### Problem details
Quote the records below in full, exactly as given, with the images taken out.
START Data records
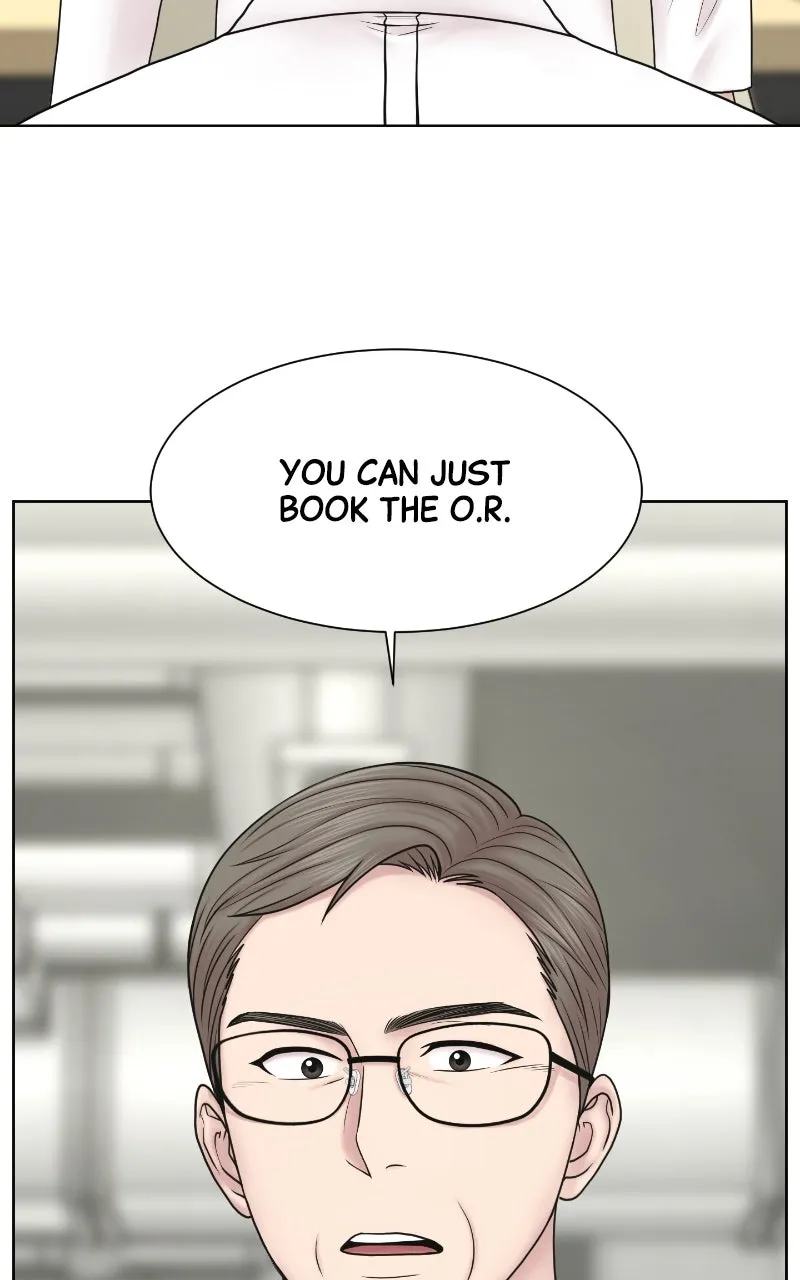 Trauma Center:Dr. Baek Chapter 26 page 23 - 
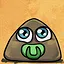 The tallest mountain started as a stone icon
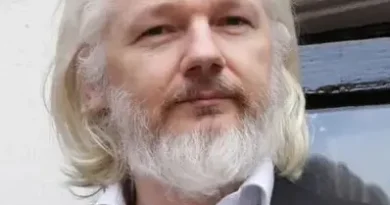 Assange, más cerca de ser extraditado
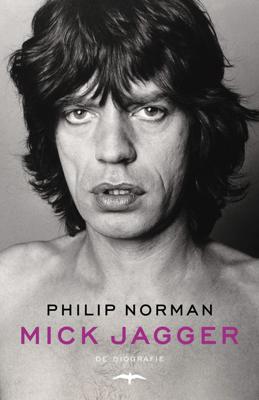 Mick Jagger - Philip Norman - eBook (9789400400658)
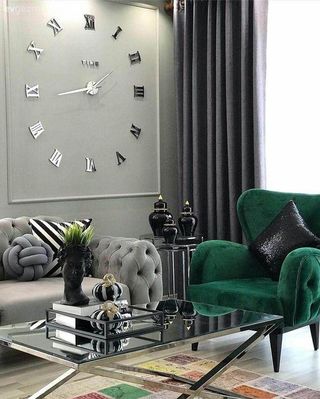 NUEVOS ¡11 MODELOS A ELEGIR! RELOJES PARED GRANDES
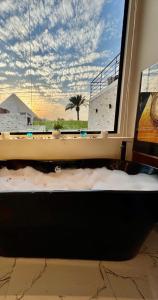 Dayy Pyramids View Hotel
END Data records
### Task solution
 Trauma Center:Dr. Baek Chapter 26 page 23 - 
 The tallest mountain started as a stone icon
 Assange, más cerca de ser extraditado
 Mick Jagger - Philip Norman - eBook (9789400400658)
 NUEVOS ¡11 MODELOS A ELEGIR! RELOJES PARED GRANDES
 Dayy Pyramids View Hotel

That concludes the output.